Found Art Museum is honored to continually recommend abstract artists who are provided with local linguistic features. Qu Qianmei has lived in France for years. While she lived in Paris, she was reclusive to pursue artistic creation in painting for more than twenty years with the artistic atmosphere in Paris nourishing inner creative passion and persistent artistic pursuit toughening her works. She experiences the similarities and differences between Chinese and Western cultures to taste their foundations. Thereby artistic essences lie in these two kinds of worlds are condensed in her huge abstract paintings which possess Eastern philosophy.
During her earlier stage of career, Qu Qianmei has devoted to Chinese paintings at her hometown among the area of Jiangsu and Zhejiang provinces, where delicately beautiful landscapes and soil nourished her artistic sensibility and gave birth to her temperament like traditional literati or scholar-bureacrats who linger about mountains and rivers while possessing perception of the supernatural as well as abstract understanding of the nature. As a result, her creations are naturally inclined to be plane, simple and abstract freehand works.
As a female artist in painting, she does not stay superficially in the leisurely complex of hiking tour. When Chinese artistic circle was undergoing radical changes in the mid-1980s, she was not limited in the fanatical passion of “85 New Wave” art movement but travelled to France for learning arts with the idea of holding broaden horizons abroad. This choice has increased her insight and vision. In Paris, the panoramic view on realistic features of Western art could be gotten, however, what’s on earth the essential difference between the Chinese abstract art and Western local abstract art on shelf? After she has visited the exhibition of Tapies (Born in 1923 in Barcelona, Spain, Antonio Tapies is one of western masters in painting who are provided with oriental philosophy.), Qu Qianmei more profoundly reflects on the directions of abstract art. She gradually puts down the brushes of traditional Chinese paintings while turns to explore her independent art space on linen.
She begins to cling to studies on materials and media and then continues her in-depth exploration in forms of painting through media itself.
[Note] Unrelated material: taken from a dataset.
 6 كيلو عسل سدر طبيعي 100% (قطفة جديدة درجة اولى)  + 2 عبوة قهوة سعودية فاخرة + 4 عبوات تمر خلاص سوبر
However, quite different from explorations which pursued by domestic “avant garde” artists who were born in 1980s and 1990s, Qu Qianmei quietly solved the relationship between linen and depiction of spiritual freedom in France; she also explored abstract paintings’ meaning of existence and its innovation as an independent long-standing form. From this perspective, her paintings are elaborative absolutely abstract paintings which direct to spiritual demands. Nevertheless, her abstract art contains unabated consciousness of “Oriental philosophy”. Years of life in France could not change her national habit of thinking—fortunes in her heart, mental realm and expression of intentions with paintings have been something upheld by her all the time. Therefore, even Qu Qianmei’s works wander among western systems of creation they still reveal profound bosom and ethereal changing colors of the Oriental Art.
In the general appearances of her paintings, the expatiation of special materials, irregular symbols and hidden figures all arouse audience’s curiosity for the logics and conception behind the works. Thickness of the materials directly reinforces your thinking power. Just as you face this work, your imagination is immediately inspired to explore sense corners usually neglected. This process of comprehension is more like a kind of “self-discover” rather than simple appreciation—by the “material” in her painting materials it prompt access to their subconscious mind for emotional and rational dialogue—this is the ultimate goal of Chinese ancient artists in paintings who combine nature and heart to be sensitive to the circumstances and express feelings.
Full of enthusiasm as well as in peaceful mood and experience which is the psychological form of common needs nowadays, Qu Qianmei’s works are created as abstract works of tremendous freehand.